3.6 Metabolite profiling

A total of 57 different metabolites were detected in red seaweeds (Table 1). These metabolites were grouped in the different categories; about 25 types of sugars, 15 fatty acids, 9 sugar derivatives, 7 different amino acids and one polyol were quantified. Maximum 39 different metabolites were detected in SS followed by 23 in GI, 22 in HP, 21 in GC and AA, 19 in KA, and lowest 13 was found in SR. It was also observed that seaweed SS have maximum 12 exclusive metabolites, followed by 4 unique metabolites owned by GI, HP contained 2 while GC have 1 specific metabolites. No exclusive metabolites were detected in other seaweeds AA and SR. Sugar mannobiose was abundantly detected in seaweeds GI (5600 ± 500 µg g−1 DW) followed by AA (4000 ± 250 µg g−1 DW) and SS (2500 ± 150 µg g−1 DW). Seaweed GC contained maximum glucose (11160 ± 185 µg g−1 DW), and KA contained maximum galactose (1275 ± 260 µg g−1 DW), while no abundance of sugars were found in HP and SR seaweeds.
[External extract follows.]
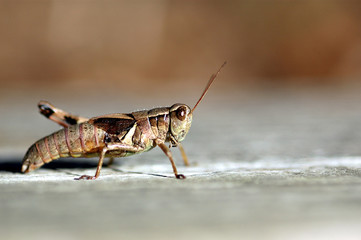 Grasshopper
Amino acid valine was detected in all seaweeds in the range of 0.5–7 µg g−1 DW. Among fatty acids, palmitic acids were detected in all seaweeds with maximum amount 83 ± 7 µg g−1 DW in GI, followed by SS (40 ± 5 µg g−1 DW). About 20 µg g−1 DW palmitic acids were estimated in seaweeds HP and KA, 17 ± 6 µg g−1 DW palmitic acids was found in AA. Comparatively low amount of palmitic acid was detected in seaweeds SR (10 ± 2 µg g−1 DW) and GC (5 ± 2 µg g−1 DW). Interestingly, GC contained high amount of heptanoic acid (252 ± 43 µg g−1 DW) and octanoic acid (123 ± 7 µg g−1 DW). Metabolites allose, galactonic acid, glucuronic acid and pinitol were exclusively detected in GI. Similarly, glucose and tagatofuranose were found exclusively in GC and KA, respectively. Two sugar-metabolites lyxose and ribofuranose were detected exclusively in HP. About 12 different metabolites, decanoic acid, dodecanoic acid, lignoceric acid, octadecenoic acid, allopyranose, mannitol, sucrose, tagatose, talose, trehalose, xylose and arabinitol were observed exclusively in seaweed SS.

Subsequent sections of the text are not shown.